The clicker genre has seen a surge of popularity since 2013, with the rise of Cookie Clicker, Bitcoin Billionaire, and a legion of similar carpal-tunnel-inducing time-sinks. Obsessive screen-tapping and oceans of upgrades are hallmarks of the genre, in which gameplay takes a backseat to the instant satisfaction of leveling up. In the case of Turret Fusion, developer Shark Jump Studios has foregone the clicking aspect of the genre, crafting an intensely addictive clicker with the concept of fusion at its core, blending clicker game progression with tower defense tropes.
The game begins in an alien-ravaged desert landscape, with twelve empty turret squares sitting aside an unstoppable torrent of alien invaders. Turrets rain down from the sky into your arsenal, equipping you to pelt away at the alien horde, all the while harvesting the dead aliens’ biomass, which is used as the game’s primary currency. Gameplay is simple, achieved by dragging low-power turrets toward each other, fusing their technology to create turrets of greater power. Combined with the purchase of turrets using biomass, in a matter of minutes you’ll have a powerful arsenal of extraterrestrial-repulsion at your fingertips. As the tiers of progression continue, your war expands to higher levels of warfare, as giant mech-turrets face off against flying stingrays, and spaceships battle against massive alien creatures.

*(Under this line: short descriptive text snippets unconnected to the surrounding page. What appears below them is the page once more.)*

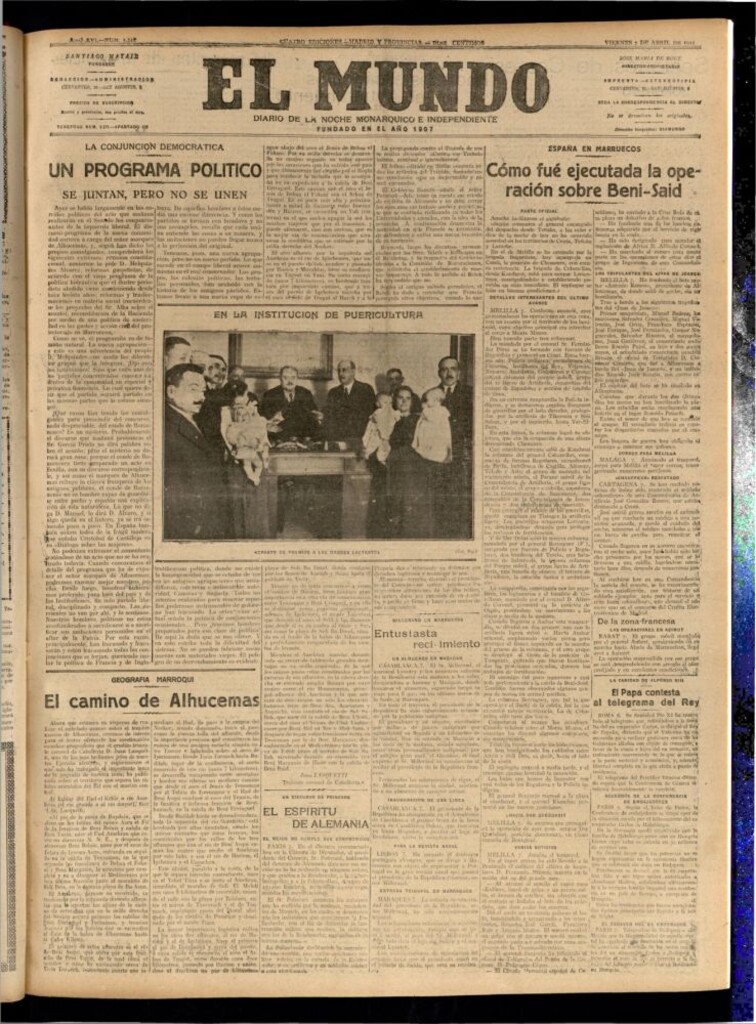 Miniatura de El Mundo del 7 de abril de 1922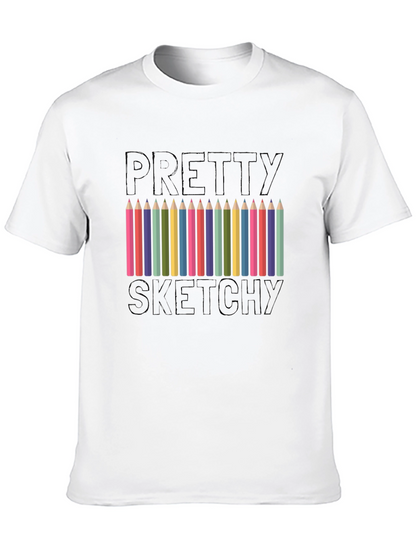 Pretty Sketchy Graphic T-Shirt - Artists Tee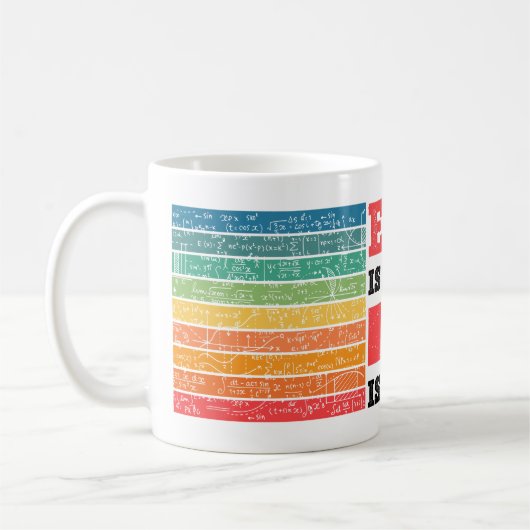 Mug L'Anglais Est Important Mais Les Maths Sont Import (Gauche)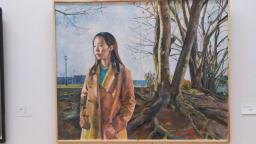 「私は生きる」F100号 第87回旺玄会展ホルベイン賞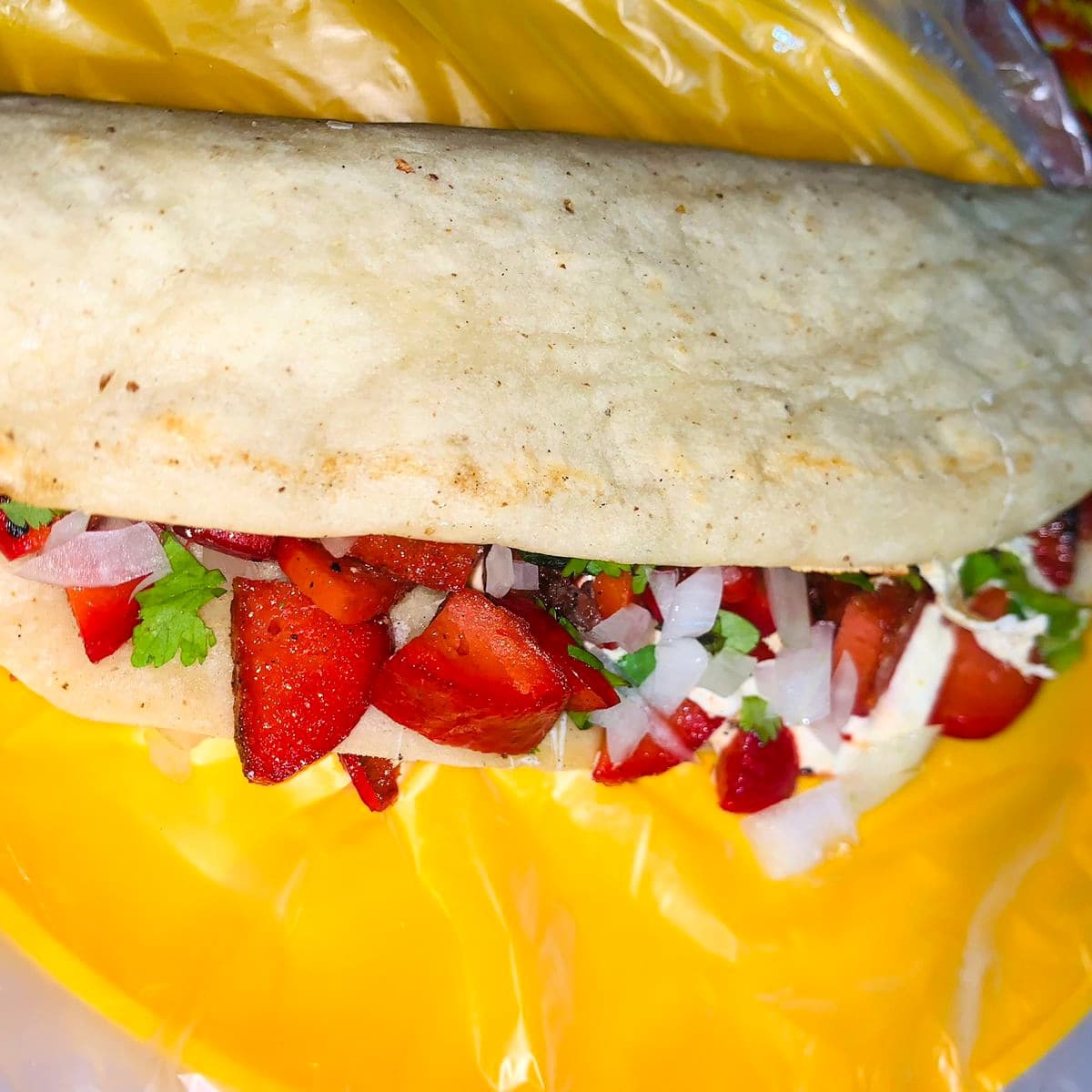 Quesadilla de Salchichón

As in Shark Jump’s excellent puzzler Test Chamber, Turret Fusion is filled with charming, well-designed low-poly 3D models. The plot is tied together with dialogue between hand-drawn characters, who unfortunately don’t blend with the rest of the game’s sense of aesthetic. The background music is similarly unmemorable.
However, while the presentation falters a little, the developers’ attention to detail saves the day. Each and every turret is cleverly named, with two Gatlers combining to create a Gatatatler, which in turn creates a Cheese Grater. The dialogue is similarly tongue-in-cheek, with Officer Walter exclaiming his amazement as to the seemingly infinite power of each new turret. The game’s sense of humor makes it all the more satisfying to play, and each upgrade truly feels more powerful than the last.
My only real qualm with the game arises from its use of coin currency. While biomass is simple to harvest and satisfying to spend, certain upgrades require spending coins, which are incredibly slow to harvest. It’s possible to increase your coin income to 3 coins per day, but this upgrade itself costs 4 coins, which could be spent on increasing your drop-pod speed or biomass collection duration. These coin walls can occasionally be skipped by viewing a video, but while playing the game without WiFi, a chronic lack of coins can be very frustrating.
Turret Fusion is pleasant to look at, funny, and incredibly addicting. Aside from its occasionally frustrating monetization structure, Shark Jump’s newest game is an enjoyable, straightforward addition to the clicker genre, and certainly worth the free download.